LES 2, which was introduced in 2016, provides funding for optometrists to filter glaucoma referrals – reducing unnecessary referrals to secondary care.
Through an ocular hypertension scheme, which was first introduced as a pilot in 2019, the hospital eye service transfers patients with ocular hypertension into community optometry practices for ongoing care and review.
In August 2025, there were 67 optometrists involved in the ocular hypertension scheme. More than 2400 patients have been transferred from the hospital eye service into the ocular hypertension scheme since 2019.
Jill Campbell, a Specsavers clinical performance consultant in Northern Ireland, highlighted that patients have responded positively to the scheme – which enables them to be seen close to home.
“It’s great for patients, and it gives ophthalmologists the time to see more complex patients who really need their care,” she said.
The Extension for Community Healthcare Outcomes (ECHO) network provided optometrists involved in the ocular hypertension scheme a chance to learn from colleagues in both primary and secondary care through regular meetings.
Ophthalmologists deliver presentations on new developments and research as part of the network, while optometrists will deliver case study presentations.
“There can be a tendency for optometry and ophthalmology to work in silos, but when you see people face to face, it is a huge learning opportunity and a chance to build trust between the two professions,” Campbell emphasised.

Locum optometrist, Veronica Nellins, has been involved in offering the ocular hypertension scheme since the initial pilot in 2019.
She shared that funded community glaucoma services provide acknowledgement of the advanced skillset and equipment within optometry practices, as well as the extra chair time involved in delivering care.
“I like that our skills are being recognised,” she told OT.
“It gives me more freedom to provide additional services and try to provide the best care possible for the patient,” Nellins emphasised.
Wales
Following a refreshed national optometry contract in 2023, there is now provision in Wales for optometrists to monitor low-risk glaucoma patients through the WGOS4 service.
Specsavers Flint optometrist director, Kevin Liu, previously owned practices in Manchester – where he helped to establish the Glaucoma Enhanced Referrals Service.
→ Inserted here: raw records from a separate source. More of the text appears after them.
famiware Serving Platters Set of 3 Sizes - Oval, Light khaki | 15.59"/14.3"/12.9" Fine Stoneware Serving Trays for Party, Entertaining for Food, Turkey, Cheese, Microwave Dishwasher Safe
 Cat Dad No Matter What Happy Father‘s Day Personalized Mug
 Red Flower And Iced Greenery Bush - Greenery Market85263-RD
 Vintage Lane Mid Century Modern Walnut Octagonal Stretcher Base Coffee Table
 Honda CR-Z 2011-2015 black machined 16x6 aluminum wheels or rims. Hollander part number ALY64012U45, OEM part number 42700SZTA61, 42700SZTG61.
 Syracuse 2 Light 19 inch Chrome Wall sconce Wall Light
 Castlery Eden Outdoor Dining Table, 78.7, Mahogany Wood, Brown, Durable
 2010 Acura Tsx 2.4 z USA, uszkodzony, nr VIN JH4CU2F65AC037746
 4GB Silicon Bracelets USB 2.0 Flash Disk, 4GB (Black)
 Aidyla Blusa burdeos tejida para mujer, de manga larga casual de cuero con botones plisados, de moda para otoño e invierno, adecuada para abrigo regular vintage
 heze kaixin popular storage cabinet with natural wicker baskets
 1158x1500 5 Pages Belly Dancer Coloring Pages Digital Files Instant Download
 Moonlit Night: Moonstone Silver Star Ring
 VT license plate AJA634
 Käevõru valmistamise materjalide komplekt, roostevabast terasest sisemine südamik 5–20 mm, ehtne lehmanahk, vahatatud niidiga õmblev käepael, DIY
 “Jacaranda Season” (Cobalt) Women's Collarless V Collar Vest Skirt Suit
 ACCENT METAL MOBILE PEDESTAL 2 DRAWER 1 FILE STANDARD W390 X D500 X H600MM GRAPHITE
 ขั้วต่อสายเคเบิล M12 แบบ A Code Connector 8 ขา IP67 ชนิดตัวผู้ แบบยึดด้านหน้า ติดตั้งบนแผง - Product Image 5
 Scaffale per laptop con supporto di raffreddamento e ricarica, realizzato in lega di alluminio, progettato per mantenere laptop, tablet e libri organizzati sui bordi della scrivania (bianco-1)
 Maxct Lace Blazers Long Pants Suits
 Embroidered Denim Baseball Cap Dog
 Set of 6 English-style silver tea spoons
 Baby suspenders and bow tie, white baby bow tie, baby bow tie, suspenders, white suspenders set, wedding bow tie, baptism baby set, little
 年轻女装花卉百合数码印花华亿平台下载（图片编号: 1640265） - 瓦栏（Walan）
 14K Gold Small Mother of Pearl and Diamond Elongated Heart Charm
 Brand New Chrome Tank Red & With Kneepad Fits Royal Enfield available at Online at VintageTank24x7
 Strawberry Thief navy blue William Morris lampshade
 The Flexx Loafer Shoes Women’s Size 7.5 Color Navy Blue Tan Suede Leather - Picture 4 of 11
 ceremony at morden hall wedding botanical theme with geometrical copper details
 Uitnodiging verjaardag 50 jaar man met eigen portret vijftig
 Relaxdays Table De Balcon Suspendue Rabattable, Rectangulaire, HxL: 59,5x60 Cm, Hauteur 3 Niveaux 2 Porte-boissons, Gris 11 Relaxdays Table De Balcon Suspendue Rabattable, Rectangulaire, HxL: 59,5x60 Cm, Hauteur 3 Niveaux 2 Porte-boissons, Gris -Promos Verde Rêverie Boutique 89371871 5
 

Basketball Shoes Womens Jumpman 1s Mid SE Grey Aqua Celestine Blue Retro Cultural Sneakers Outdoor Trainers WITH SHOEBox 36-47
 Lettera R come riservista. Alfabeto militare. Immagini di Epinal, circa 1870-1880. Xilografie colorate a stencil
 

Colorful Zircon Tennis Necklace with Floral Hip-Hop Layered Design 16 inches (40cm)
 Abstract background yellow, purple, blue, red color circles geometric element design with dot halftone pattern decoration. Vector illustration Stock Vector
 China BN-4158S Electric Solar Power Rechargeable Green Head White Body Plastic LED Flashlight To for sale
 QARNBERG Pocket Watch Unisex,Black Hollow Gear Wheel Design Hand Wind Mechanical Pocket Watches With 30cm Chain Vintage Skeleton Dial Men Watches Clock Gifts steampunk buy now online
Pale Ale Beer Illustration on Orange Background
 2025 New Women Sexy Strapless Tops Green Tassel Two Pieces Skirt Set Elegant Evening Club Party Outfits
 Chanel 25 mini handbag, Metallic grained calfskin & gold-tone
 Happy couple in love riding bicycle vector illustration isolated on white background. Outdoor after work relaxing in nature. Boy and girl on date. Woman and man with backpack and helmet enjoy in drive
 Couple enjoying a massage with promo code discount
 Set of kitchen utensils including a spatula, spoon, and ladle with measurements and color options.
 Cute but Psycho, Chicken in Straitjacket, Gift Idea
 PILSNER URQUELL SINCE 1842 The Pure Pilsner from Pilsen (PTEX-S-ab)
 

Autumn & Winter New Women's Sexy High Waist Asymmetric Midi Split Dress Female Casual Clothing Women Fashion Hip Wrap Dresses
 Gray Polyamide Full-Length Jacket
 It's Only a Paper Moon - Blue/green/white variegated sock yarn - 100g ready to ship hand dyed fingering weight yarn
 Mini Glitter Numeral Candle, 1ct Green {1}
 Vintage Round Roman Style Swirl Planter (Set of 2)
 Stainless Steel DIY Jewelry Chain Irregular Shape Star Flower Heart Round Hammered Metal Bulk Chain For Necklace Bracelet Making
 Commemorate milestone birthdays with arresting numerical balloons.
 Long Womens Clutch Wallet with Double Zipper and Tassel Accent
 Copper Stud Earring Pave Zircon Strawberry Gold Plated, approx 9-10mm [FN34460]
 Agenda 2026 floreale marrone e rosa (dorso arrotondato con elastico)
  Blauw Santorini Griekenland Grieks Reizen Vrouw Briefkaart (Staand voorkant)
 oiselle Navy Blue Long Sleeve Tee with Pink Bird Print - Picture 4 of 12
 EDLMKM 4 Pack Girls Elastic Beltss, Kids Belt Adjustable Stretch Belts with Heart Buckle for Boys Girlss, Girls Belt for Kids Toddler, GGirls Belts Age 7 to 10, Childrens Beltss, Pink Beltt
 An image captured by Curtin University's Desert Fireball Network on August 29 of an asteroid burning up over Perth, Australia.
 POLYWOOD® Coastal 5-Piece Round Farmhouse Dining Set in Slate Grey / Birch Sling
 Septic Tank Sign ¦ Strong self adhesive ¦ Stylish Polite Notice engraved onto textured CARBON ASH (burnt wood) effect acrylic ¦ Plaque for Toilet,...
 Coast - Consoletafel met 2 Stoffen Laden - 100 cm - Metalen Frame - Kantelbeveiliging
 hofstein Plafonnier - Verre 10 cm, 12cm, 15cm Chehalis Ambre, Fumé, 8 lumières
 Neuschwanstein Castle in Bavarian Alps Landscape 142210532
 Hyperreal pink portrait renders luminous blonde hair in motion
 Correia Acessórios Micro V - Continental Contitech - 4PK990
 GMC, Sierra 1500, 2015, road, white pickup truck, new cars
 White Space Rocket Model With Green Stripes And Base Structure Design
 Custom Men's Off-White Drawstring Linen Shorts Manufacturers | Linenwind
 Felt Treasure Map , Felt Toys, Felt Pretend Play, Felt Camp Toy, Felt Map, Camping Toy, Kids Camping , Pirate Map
His move across the border was partly prompted by the extent of clinical services optometrists can offer in Wales.
“I’m turning 50 next year and entering the later chapters of my career, so I decided that Wales was going to be the place for me to really explore my clinical skills to the maximum,” Liu shared.
Liu highlighted that with an ageing population, more people are being diagnosed with glaucoma every day.
“I think it is essential to establish these services in the community to enable secondary care to focus on the complex cases,” he said.
“If our workforce can support more patients to be seen in a timely manner, then we can help to prevent avoidable sight loss,” Liu emphasised.

IP optometrist, Katherine Mote, helps to filter glaucoma referrals through the WGOS4 service at Phillips Opticians in Newbridge.
Mote will review new glaucoma referrals from other optometrists to make sure they are appropriate through a filtering appointment.
“If we think everything is fine, we can discharge them without any hospital input,” she said.
“Because we perform a series of standardised tests, the triage process is very thorough. The more advanced cases of glaucoma are seen very quickly by the hospital,” she highlighted.